== THE DATA

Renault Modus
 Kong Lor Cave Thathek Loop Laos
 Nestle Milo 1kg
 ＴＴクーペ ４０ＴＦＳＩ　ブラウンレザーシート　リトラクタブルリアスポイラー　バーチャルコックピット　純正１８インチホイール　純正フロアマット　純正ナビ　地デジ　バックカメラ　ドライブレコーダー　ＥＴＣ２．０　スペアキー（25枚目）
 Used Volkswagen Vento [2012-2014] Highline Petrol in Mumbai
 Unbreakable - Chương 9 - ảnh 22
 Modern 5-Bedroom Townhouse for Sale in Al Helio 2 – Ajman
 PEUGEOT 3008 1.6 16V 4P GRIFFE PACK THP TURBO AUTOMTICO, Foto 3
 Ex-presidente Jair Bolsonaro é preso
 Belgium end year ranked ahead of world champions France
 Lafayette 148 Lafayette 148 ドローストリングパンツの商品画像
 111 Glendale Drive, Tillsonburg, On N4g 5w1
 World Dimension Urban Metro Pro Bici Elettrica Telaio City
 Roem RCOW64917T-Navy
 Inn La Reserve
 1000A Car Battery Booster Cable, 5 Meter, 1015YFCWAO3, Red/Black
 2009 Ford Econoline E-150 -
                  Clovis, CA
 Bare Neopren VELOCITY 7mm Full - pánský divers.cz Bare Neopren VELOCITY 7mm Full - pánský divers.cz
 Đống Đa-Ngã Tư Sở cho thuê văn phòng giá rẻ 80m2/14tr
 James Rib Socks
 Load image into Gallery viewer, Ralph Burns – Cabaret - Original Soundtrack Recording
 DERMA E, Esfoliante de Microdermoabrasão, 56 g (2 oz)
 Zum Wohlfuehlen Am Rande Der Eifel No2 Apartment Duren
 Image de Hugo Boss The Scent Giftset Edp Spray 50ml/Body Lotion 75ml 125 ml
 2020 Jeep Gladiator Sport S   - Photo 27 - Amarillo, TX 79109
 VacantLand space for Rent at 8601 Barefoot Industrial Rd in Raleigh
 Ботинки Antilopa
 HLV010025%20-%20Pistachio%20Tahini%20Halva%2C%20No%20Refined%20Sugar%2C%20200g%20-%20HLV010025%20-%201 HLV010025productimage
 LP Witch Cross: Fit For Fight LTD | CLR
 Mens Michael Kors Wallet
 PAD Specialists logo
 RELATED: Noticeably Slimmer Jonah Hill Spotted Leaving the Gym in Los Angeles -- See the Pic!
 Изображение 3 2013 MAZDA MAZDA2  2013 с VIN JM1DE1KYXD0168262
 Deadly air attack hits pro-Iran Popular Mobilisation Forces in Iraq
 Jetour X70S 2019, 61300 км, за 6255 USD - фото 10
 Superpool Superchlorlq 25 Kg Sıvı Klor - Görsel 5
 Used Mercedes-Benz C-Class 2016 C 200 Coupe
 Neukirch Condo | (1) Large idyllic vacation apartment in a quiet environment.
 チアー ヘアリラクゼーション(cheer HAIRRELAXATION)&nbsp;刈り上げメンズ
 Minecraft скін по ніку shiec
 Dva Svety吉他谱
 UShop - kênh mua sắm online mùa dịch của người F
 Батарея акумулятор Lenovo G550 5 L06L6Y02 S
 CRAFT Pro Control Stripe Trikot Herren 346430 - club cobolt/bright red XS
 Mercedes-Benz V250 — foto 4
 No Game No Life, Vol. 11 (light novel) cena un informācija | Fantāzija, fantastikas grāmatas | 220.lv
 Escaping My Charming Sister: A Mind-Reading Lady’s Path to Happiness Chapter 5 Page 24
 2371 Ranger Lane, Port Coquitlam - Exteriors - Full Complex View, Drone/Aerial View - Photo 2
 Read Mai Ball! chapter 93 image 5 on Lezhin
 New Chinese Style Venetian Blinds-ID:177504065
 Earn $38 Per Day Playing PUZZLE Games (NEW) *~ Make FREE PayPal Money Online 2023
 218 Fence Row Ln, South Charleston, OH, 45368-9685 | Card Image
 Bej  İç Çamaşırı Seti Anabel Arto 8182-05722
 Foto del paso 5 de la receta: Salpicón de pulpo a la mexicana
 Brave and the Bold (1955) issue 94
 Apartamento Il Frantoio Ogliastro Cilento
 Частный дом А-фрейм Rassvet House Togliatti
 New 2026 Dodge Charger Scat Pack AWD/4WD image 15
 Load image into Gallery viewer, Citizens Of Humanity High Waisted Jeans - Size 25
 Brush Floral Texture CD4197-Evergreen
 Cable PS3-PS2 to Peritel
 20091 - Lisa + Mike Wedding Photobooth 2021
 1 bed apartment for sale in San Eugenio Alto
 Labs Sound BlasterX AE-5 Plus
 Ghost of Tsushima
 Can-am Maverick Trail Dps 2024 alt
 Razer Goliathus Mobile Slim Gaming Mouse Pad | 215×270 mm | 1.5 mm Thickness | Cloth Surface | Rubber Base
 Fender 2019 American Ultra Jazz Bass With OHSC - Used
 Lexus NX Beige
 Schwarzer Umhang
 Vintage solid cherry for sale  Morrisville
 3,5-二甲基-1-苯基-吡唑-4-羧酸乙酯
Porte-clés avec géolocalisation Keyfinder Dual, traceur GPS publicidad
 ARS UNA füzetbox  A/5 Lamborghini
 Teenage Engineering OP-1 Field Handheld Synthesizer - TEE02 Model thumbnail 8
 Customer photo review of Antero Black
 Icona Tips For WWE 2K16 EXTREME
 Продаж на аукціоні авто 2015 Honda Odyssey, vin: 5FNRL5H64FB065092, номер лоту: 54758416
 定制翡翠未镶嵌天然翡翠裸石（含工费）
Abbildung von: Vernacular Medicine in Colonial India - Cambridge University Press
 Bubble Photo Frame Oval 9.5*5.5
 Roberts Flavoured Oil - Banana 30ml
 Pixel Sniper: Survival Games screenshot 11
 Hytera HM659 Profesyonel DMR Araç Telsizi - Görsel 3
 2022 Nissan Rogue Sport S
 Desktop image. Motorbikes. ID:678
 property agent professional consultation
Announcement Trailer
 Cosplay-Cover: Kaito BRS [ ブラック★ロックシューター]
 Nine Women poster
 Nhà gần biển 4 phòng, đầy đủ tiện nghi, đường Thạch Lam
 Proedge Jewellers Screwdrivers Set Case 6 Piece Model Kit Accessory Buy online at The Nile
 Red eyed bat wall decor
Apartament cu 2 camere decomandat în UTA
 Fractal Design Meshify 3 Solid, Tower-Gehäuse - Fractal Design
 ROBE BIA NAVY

====

TASK BRIEF
Your answer must be the lines above from the one containing "Superpool Superchlorlq 25" to the one containing "CRAFT Pro Control", both included, restated word for word.

TASK OUTPUT
 Superpool Superchlorlq 25 Kg Sıvı Klor - Görsel 5
 Used Mercedes-Benz C-Class 2016 C 200 Coupe
 Neukirch Condo | (1) Large idyllic vacation apartment in a quiet environment.
 チアー ヘアリラクゼーション(cheer HAIRRELAXATION)&nbsp;刈り上げメンズ
 Minecraft скін по ніку shiec
 Dva Svety吉他谱
 UShop - kênh mua sắm online mùa dịch của người F
 Батарея акумулятор Lenovo G550 5 L06L6Y02 S
 CRAFT Pro Control Stripe Trikot Herren 346430 - club cobolt/bright red XS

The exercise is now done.